◆ **WHAT YOU ARE ASKED TO DO**: Using the listing below, print the line containing "Luxe Metal Art", the line containing "Hello Kitty Surgical", and each line between them, exactly and nothing else. Pictures stay out of the print.

◆ **DATA RECORDS**:
****************************************

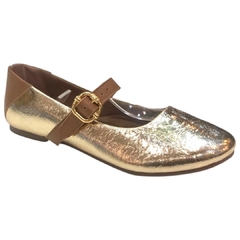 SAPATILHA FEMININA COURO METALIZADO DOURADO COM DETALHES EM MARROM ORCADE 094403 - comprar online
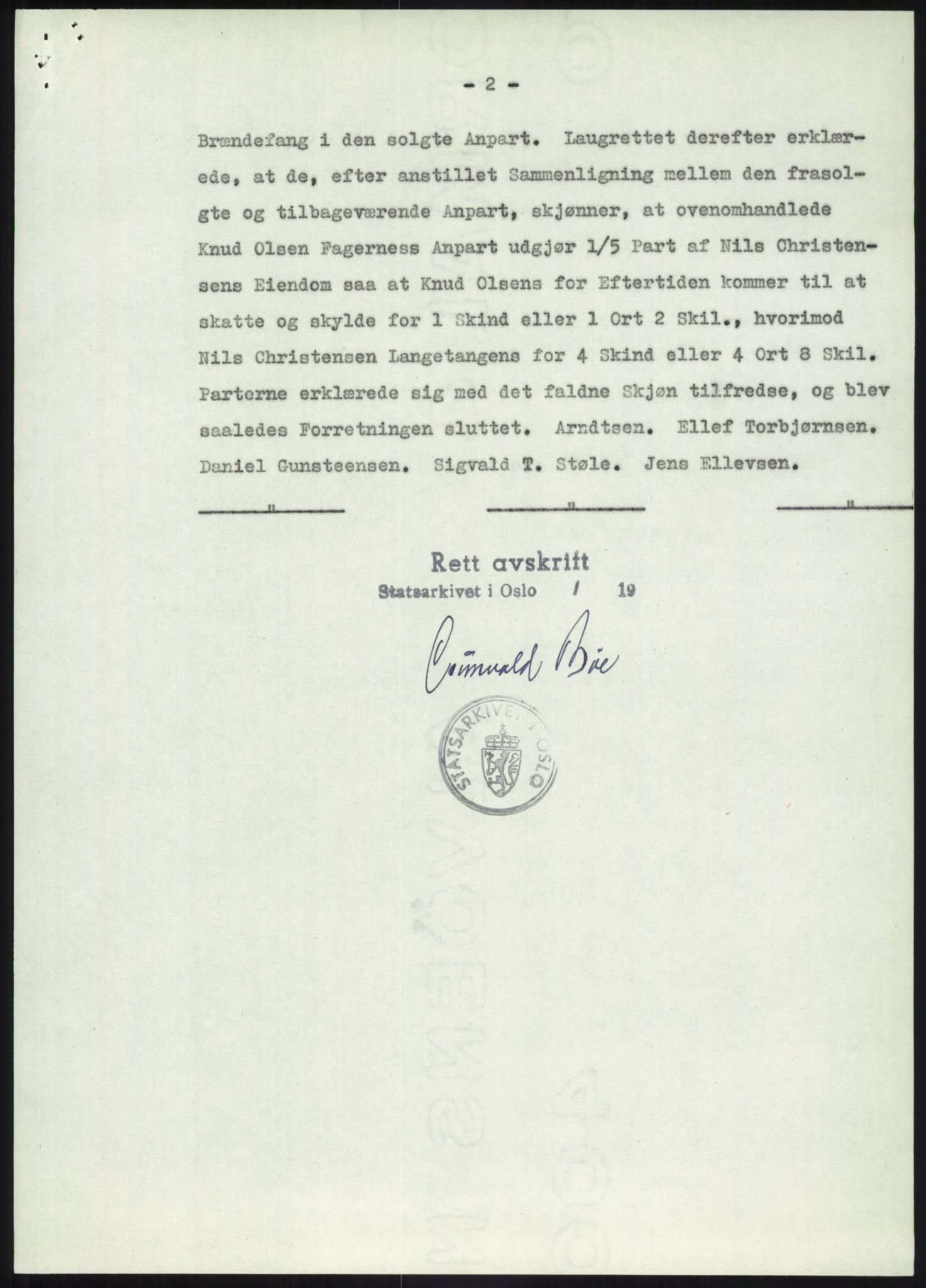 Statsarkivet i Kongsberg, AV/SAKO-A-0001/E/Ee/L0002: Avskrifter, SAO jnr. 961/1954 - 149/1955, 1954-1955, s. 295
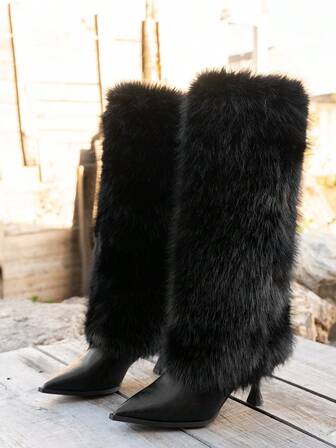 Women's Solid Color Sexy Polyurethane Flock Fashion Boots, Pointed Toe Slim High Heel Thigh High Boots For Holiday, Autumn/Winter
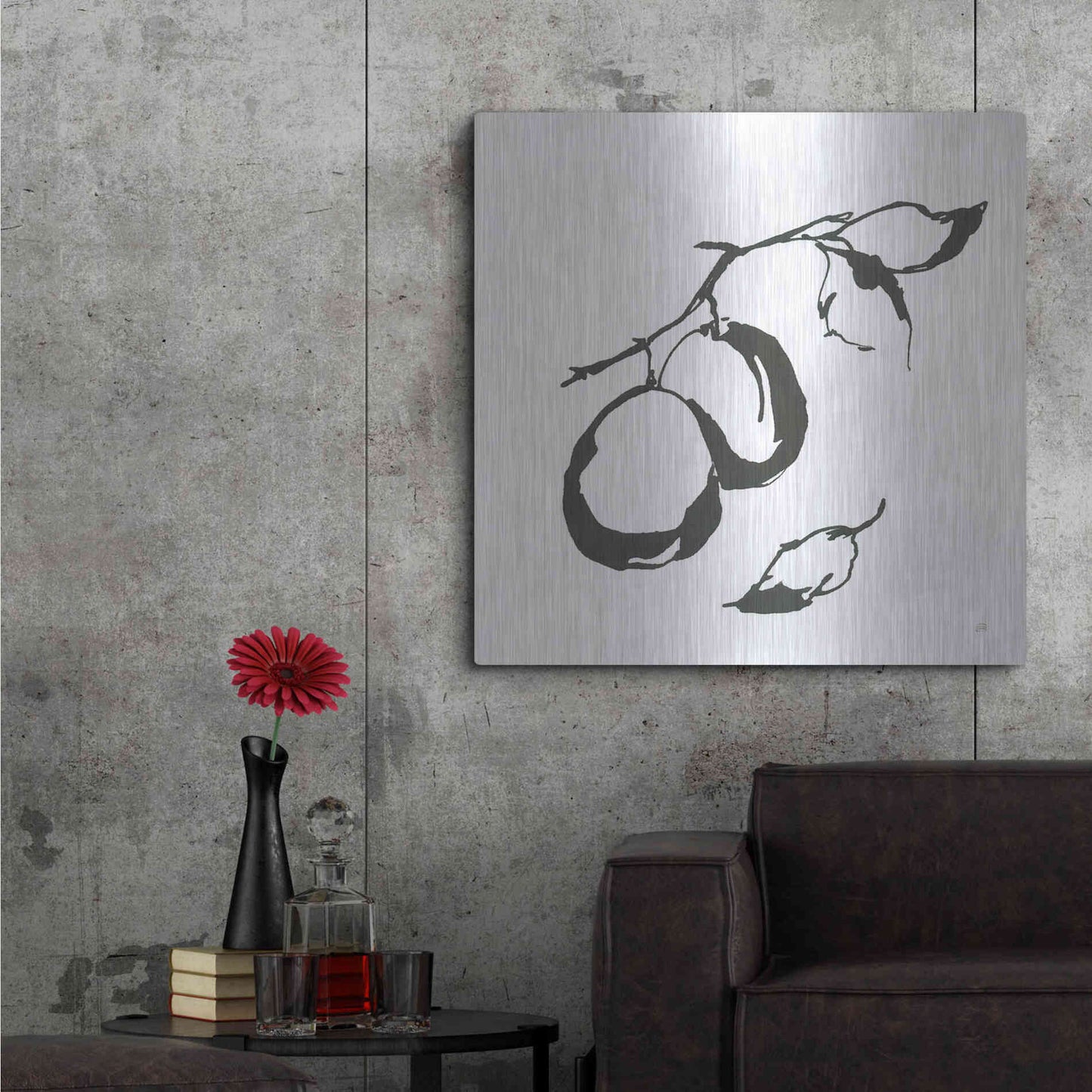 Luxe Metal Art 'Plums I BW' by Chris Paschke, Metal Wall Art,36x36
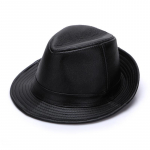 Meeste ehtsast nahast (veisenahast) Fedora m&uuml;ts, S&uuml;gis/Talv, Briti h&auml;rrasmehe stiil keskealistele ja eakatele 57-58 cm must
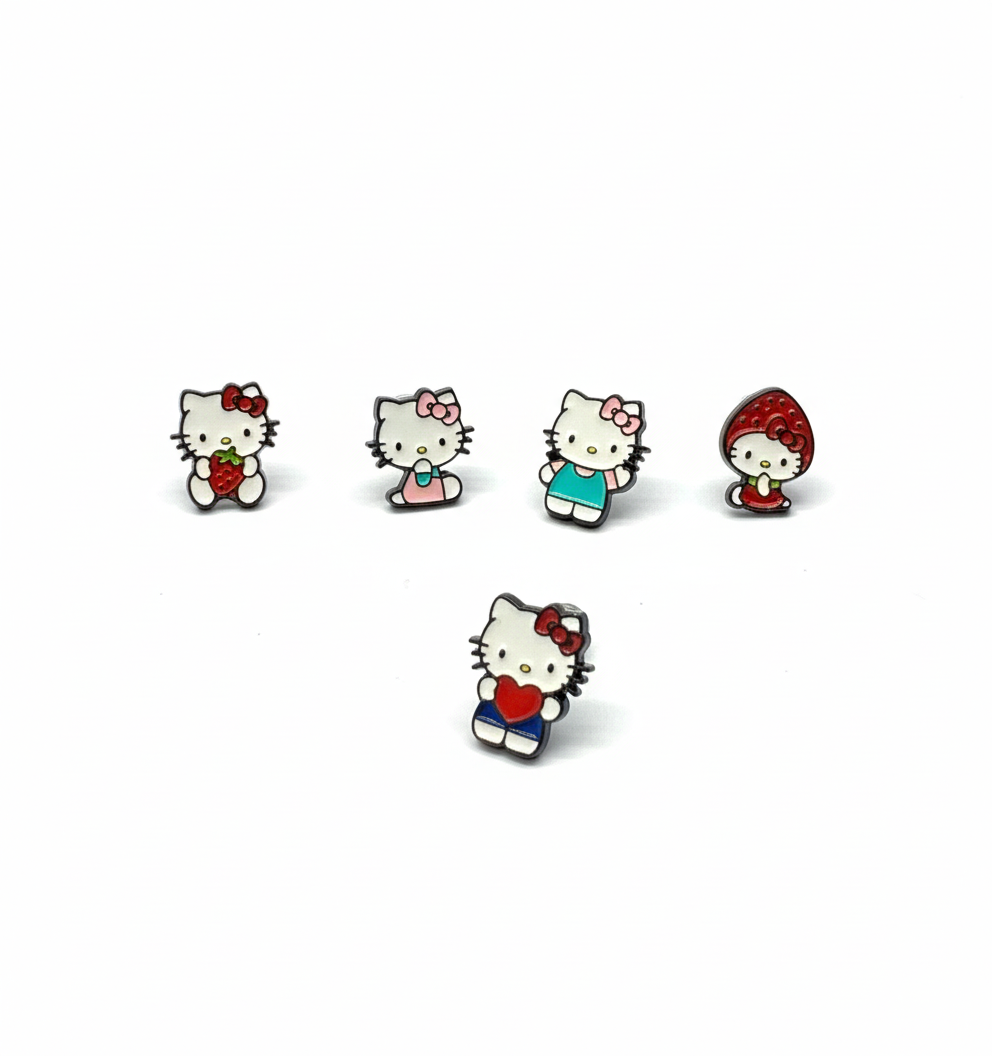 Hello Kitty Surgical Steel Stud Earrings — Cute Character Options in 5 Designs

****************************************

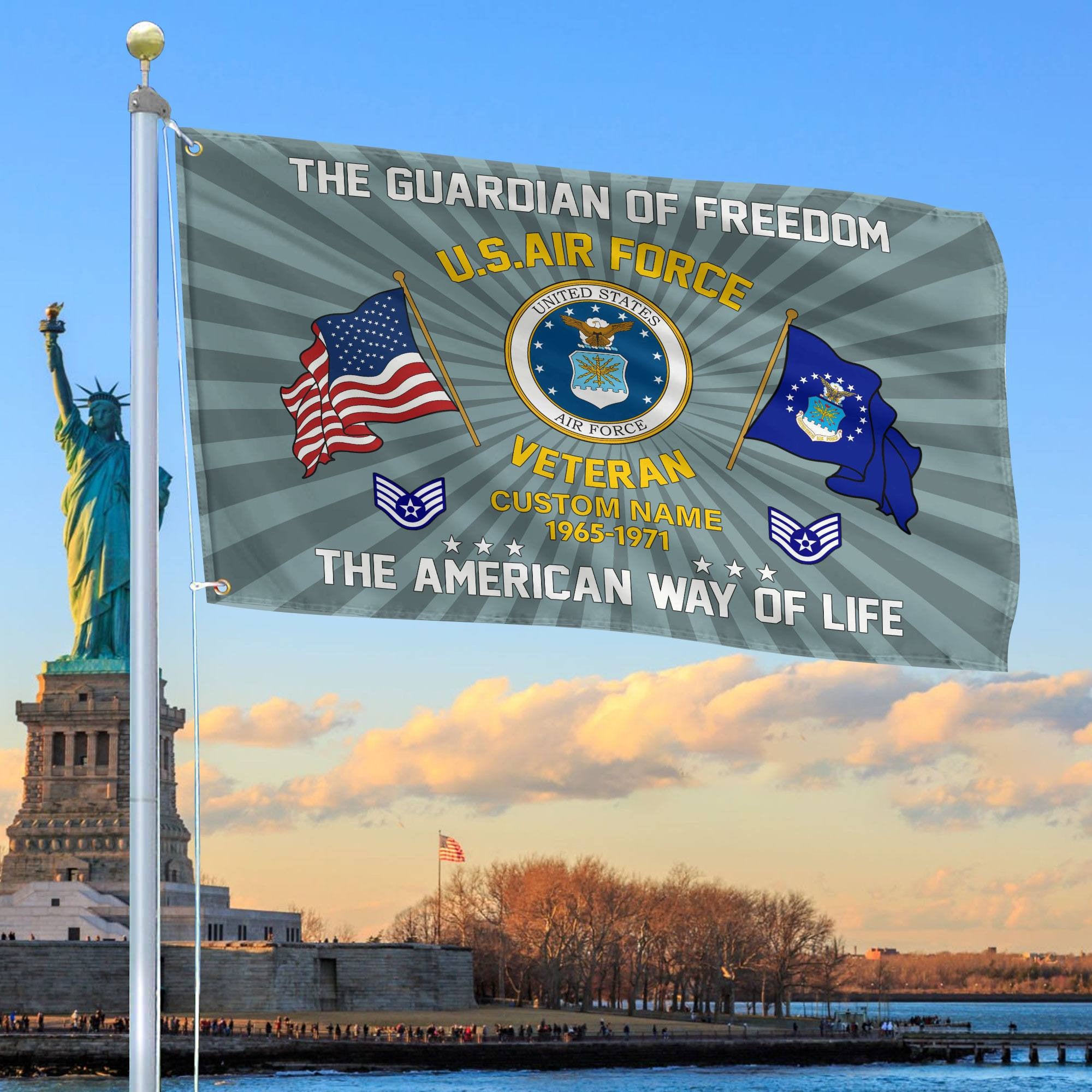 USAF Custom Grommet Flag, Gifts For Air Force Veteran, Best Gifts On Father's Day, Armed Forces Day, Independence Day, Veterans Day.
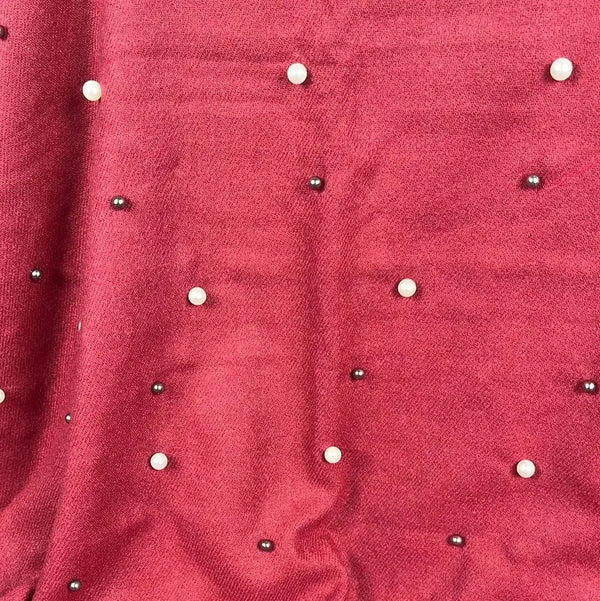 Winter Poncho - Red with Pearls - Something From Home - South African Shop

****************************************

◆ **WRITTEN ANSWER**:
 Luxe Metal Art 'Plums I BW' by Chris Paschke, Metal Wall Art,36x36
 Meeste ehtsast nahast (veisenahast) Fedora m&uuml;ts, S&uuml;gis/Talv, Briti h&auml;rrasmehe stiil keskealistele ja eakatele 57-58 cm must
 Hello Kitty Surgical Steel Stud Earrings — Cute Character Options in 5 Designs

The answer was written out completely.